Indeed, although most industry stakeholders and experts have reacted positively to the legislation, there are questions about how aggressive it is in parts. Law firm McDermott Will & Emery released a statement this week that said the health IT provisions “impose challenging requirements on industry participants, and it remains to be seen how the next Secretary of HHS will interpret and comply with those requirements.”

Lisa Schmitz Mazur, who is also a health law partner at McDermott, added in a statement, “Should Congressman Price be confirmed as Secretary of HHS, the industry can likely expect HHS to use the new authority provided to it under the Cures legislation to reduce requirements of the Meaningful Use and Advancing Care Information programs, electronic clinical quality measure reporting requirements and other federal requirements relating to HIT that are perceived to make providers less efficient without improving quality or reducing costs.”

And, in a review of the Cures Act on his blog, John Halamka, M.D., CIO of Boston-based Beth Israel Deaconess Medical Center, wrote, “I’ve written in the past that interoperability really means getting the information necessary for coordination of care to those who need it without too much difficulty. You could read the Cures language as making available every data element for every purpose to every stakeholder with no effort.  That is just not realistic.” Halamka added that he recently spoke with the CEO of an EHR company who said he has “committed 600 person years of resources to support the healthcare regulations already issued in the past 10 months.” Halamka further opined, “Asking the EHR vendors to do something vague like support all registries and provide for ‘complete access, exchange, and use of all electronically accessible health information for authorized use under applicable State or Federal law’ is like boiling the ocean with a lighter.”

David Levine, medical director and vice president of advanced analytics and informatics at Irving, Texas-based consultant Vizient, adds, “The legislation takes some measured steps aiming to improve interoperability, but whether it goes far enough, and actually stimulates interoperability remains to be seen.”

Long further notes some of the Act’s vagueness, saying that the way information blocking is defined in the law, it gets to both the developer, through the technology itself via an health information exchange (HIE) or EHR vendor, and the providers.“[Vendors] try to make the ability to get data out of a system flexible no matter who is going to consume it—a patient, an HIE or a provider. So the guidance that comes out after this bill will be interesting. How do they further define data blocking beyond ‘likely to interfere,’ because that’s relatively nebulous,” she says.

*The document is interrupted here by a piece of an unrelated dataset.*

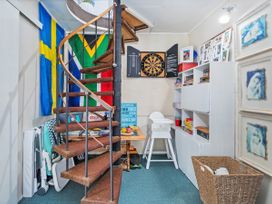 A room with a spiral staircase and shelves at Panoramic Views on Paku - Tairua
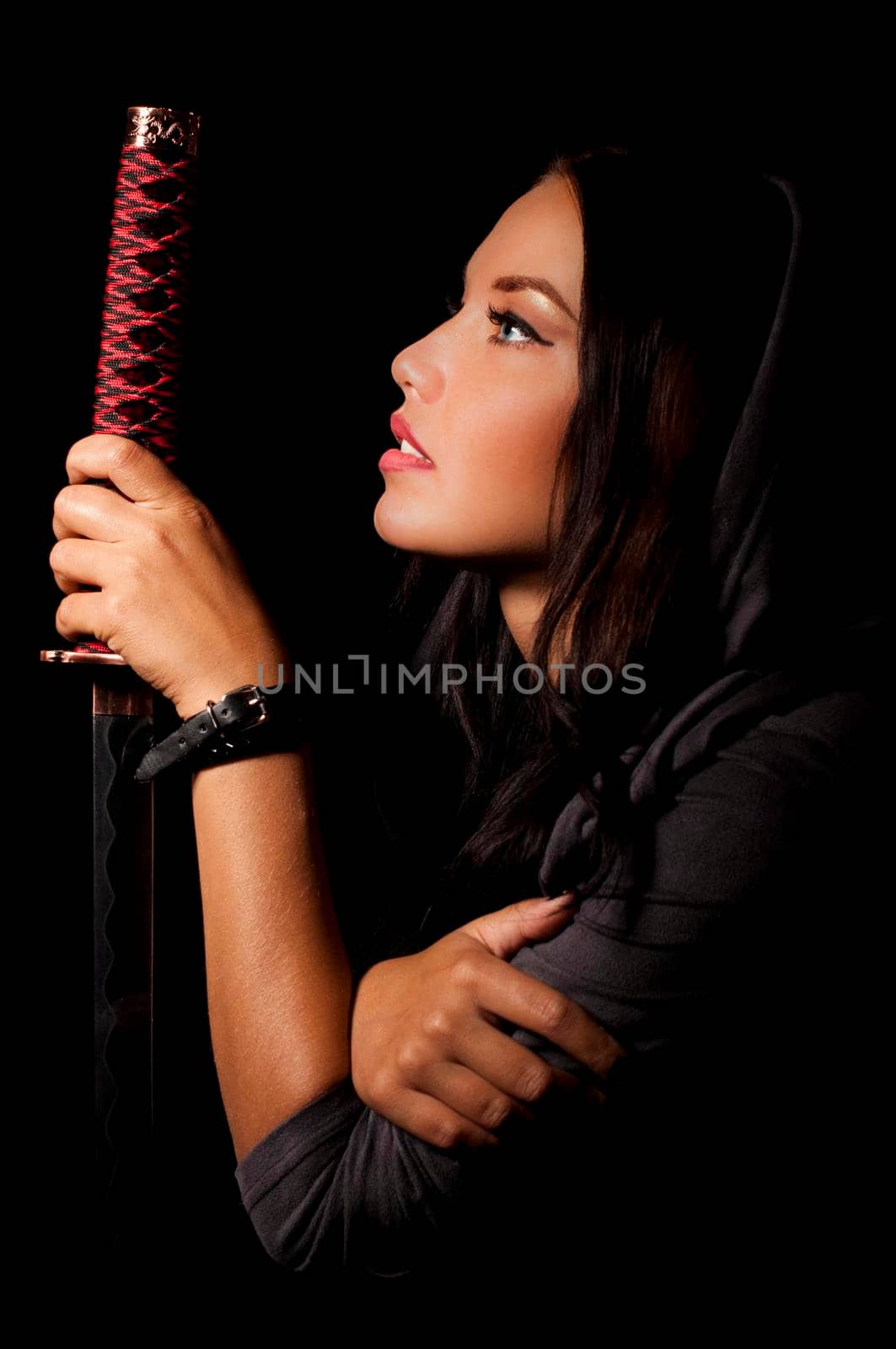 young woman in japanese anime cosplay, holding samurai sword.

Nonetheless, Tremblay notes that the Cures Act also brings a higher level of transparency than has ever been seen before in heath IT. “It proposes a reporting mechanism where information can be published about usability, interoperability, and other measurable criteria by which provides can choose which solution is best for their practice.  What’s most interesting about the self-reporting is that vendors can no longer simply say they are interoperable, they also need to provide a real-world example of interoperability, which is much higher bar to reach,” she says.

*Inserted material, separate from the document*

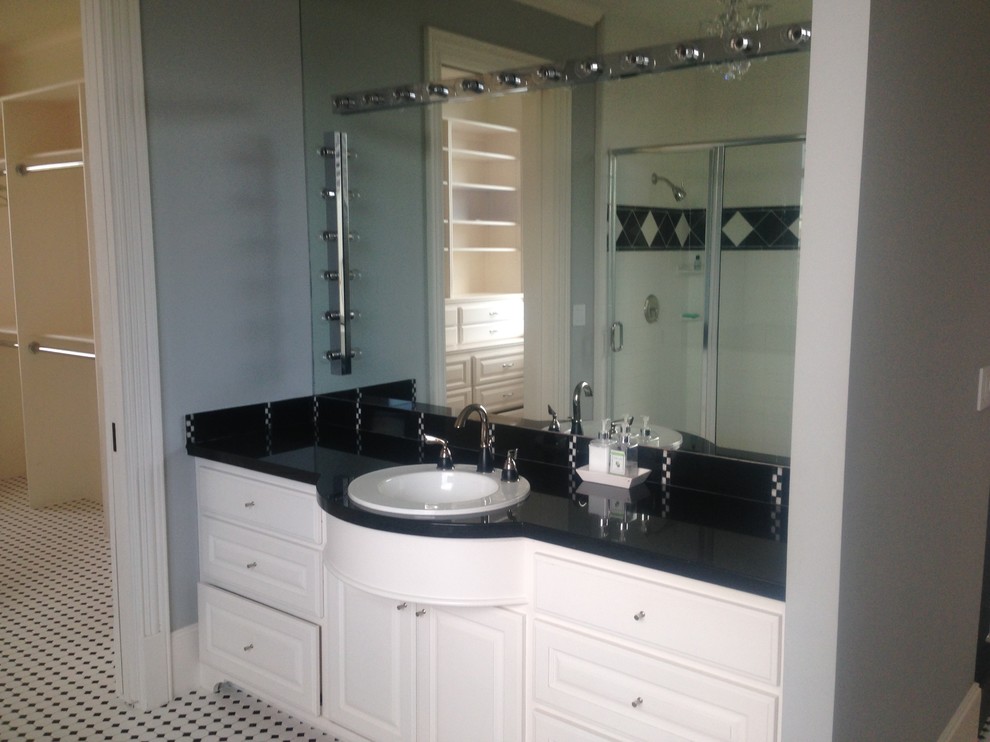 Design ideas for a medium sized traditional ensuite bathroom in Houston with raised-panel cabinets, white cabinets, an alcove shower, black and white tiles, porcelain tiles, grey walls, mosaic tile flooring, a built-in sink, granite worktops, multi-coloured floors and a hinged door.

Long adds that the usability and user-centered design reporting is a big thing she will look for even though not much was written about it. “That is the key to all of it; if you achieve interoperability, that’s one thing, but if you can’t create a user experience that’s intuitive, evolving and serves up that data in a way that makes sense to the user, then it doesn’t work,” she says. “That’s what I keep calling out—it’s critical that we solve both problems at the same time, or we won’t have solved anything.”